They know each others public and private IPs via ice4j.

One client listening and the other one sending some string.

I'd like to see this happen via UPD hole punching:

Let A be the client requesting the connection

Let B be the client that is responding to the request

Let S be the ice4j STUN server that they contact to initiate the connection
--
A sends a connection request to S

S responds with B's IP and port info, and sends A's IP and port info to B

A sends a UDP packet to B, which B's router firewall drops but it still
punches a hole in A's own firewall where B can connect

B sends a UDP packet to A, that both punches a hole in their own firewall,
and reaches A through the hole that they punched in their own firewall

A and B can now communicate through their established connection without 
the help of S

Could any one post examples of how to gather External IP and Port of each client by using server S (it can be STUN server or any other server that would do this, even your own)?

It would be nice if you accounted for double NAT as well.

CONCLUSION:

You can use STUN to discover the IP and Port but you have to write your own code that would send the IP:Port to your server via keepalive technique.

Once one client identifies the other via unique ID on the server it will be provided with the other's client IP:port info to UDP hole punch the data it needs to send and receive.

This example is in C#, not in Java, but the concepts of NAT traversal are language-agnostic.

See Michael Lidgren's network library which has NAT traversal built in.

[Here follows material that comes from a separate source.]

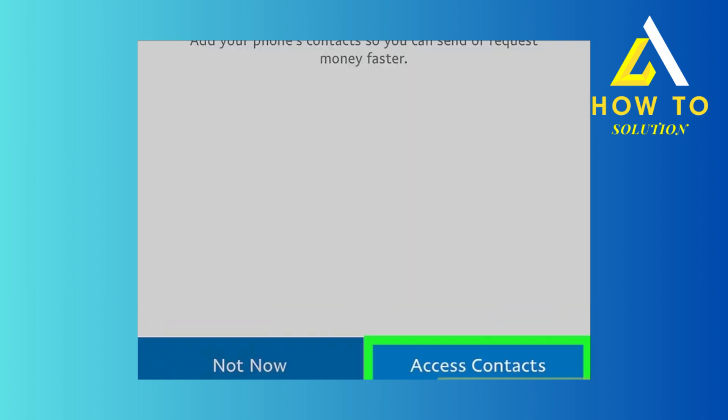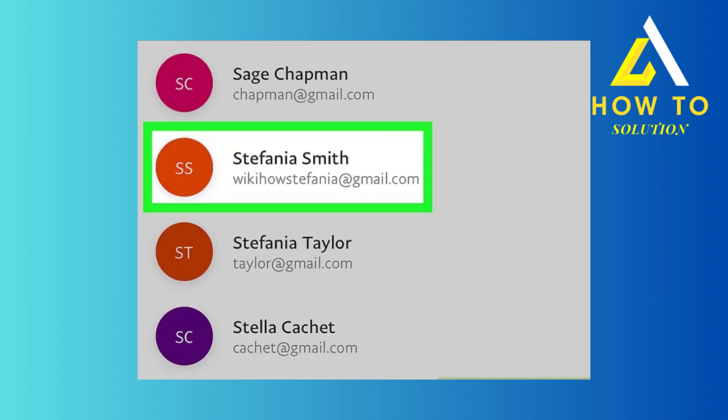From there, you need to click on access contacts if it is someone in your contacts. If not, then click on not now. Then you have to choose either their name, their phone number, or email, whatever is connected.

Link: http://code.google.com/p/lidgren-network-gen3/ Specific C# File Dealing with NAT Traversal: http://code.google.com/p/lidgren-network-gen3/source/browse/trunk/Lidgren.Network/NetNatIntroduction.cs

The process you've posted is correct. It will work, for only 3 out of 4 general types of NAT devices (I say general because NAT behavior isn't really standardized): Full-Cone NATs, Restricted-Cone NATs, and Port-Restricted-Cone NATs. NAT traversal will not work with Symmetric NATs, which are found mostly in corporate networks for enhanced security. If one party uses a Symmetric NAT and the other party doesn't, it's still possible to traverse the NAT but it requires more guesswork. A Symmetric NAT to Symmetric NAT traversal is extremely difficult - you can read a paper about it here.

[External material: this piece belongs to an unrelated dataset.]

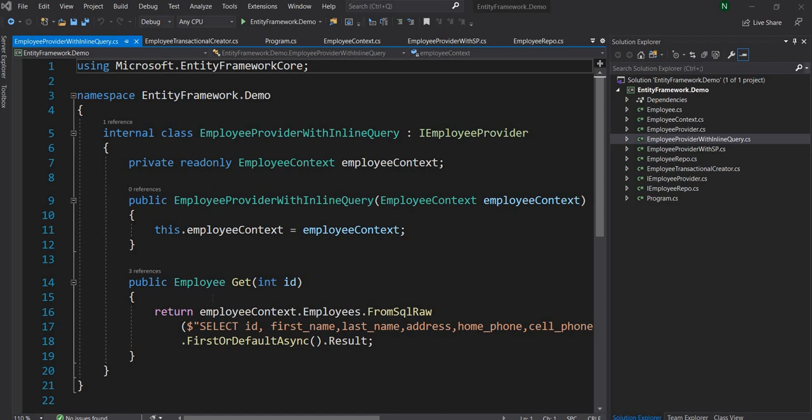Hello everyone and welcome to .NET Core Central. In today's video I'm going to discuss using inline queries in Entity Framework Core for update and delete of records. I realized from a couple of comments in my previous videos on Entity Framework that when it comes to using inline queries, I just showed how to use it for select but not for update, delete, or create.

But really, the process you've described works exactly. I've implemented it for my own remote screen sharing program (also in C#, unfortunately). Just make sure you've disabled Windows firewall (if you're using Windows) and third-party firewalls. But yes, I can happily confirm that it will work.

Clarifying the Process of NAT Traversal

I'm writing this update to clarify the process of NAT traversal for you and future readers. Hopefully, this can be a clear summary of the history and the process.

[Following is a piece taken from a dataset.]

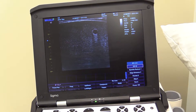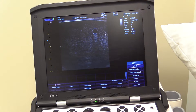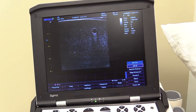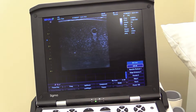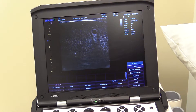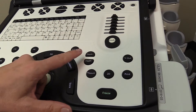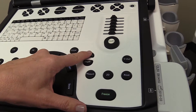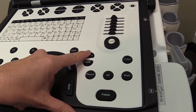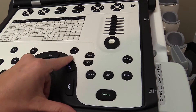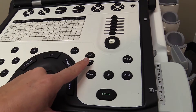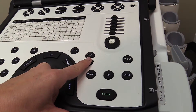Important scanning adjustments: the scanning depth. Depth may be adjusted by increasing the depth with the plus key, or decreasing with the negative depth key.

Some Reference Sources: http://think-like-a-computer.com/2011/09/16/types-of-nat/, and http://en.wikipedia.org/wiki/Network_address_translation, http://en.wikipedia.org/wiki/IPv4, http://en.wikipedia.org/wiki/IPv4_address_exhaustion.

IPv4 addresses, with the capacity to uniquely name approximately 4.3 billion computers, have run out. Smart people foresaw this problem, and, among other reasons, invented routers to combat IPv4 address exhaustion, by assigning a network of computers connected to itself 1 shared IP address.

There are LAN IPs. And then there are WAN IPs. LAN IPs are Local Area Network IPs which uniquely identify computers in a local network, say the desktops, laptops, printers, and smartphones connected to a home router. WAN IPs uniquely identify computers outside of the local area network in a wide area network - commonly taken to mean The Internet. So these routers assign a group of computers 1 WAN IP. Each computer still has its own LAN IP. LAN IPs are what you see when you type ipconfig in your Command Prompt and get IPv4 Address . . . . . . . . 192.168.1.101. WAN IPs are what you see when you connect to cmyip.com and get 128.120.196.204.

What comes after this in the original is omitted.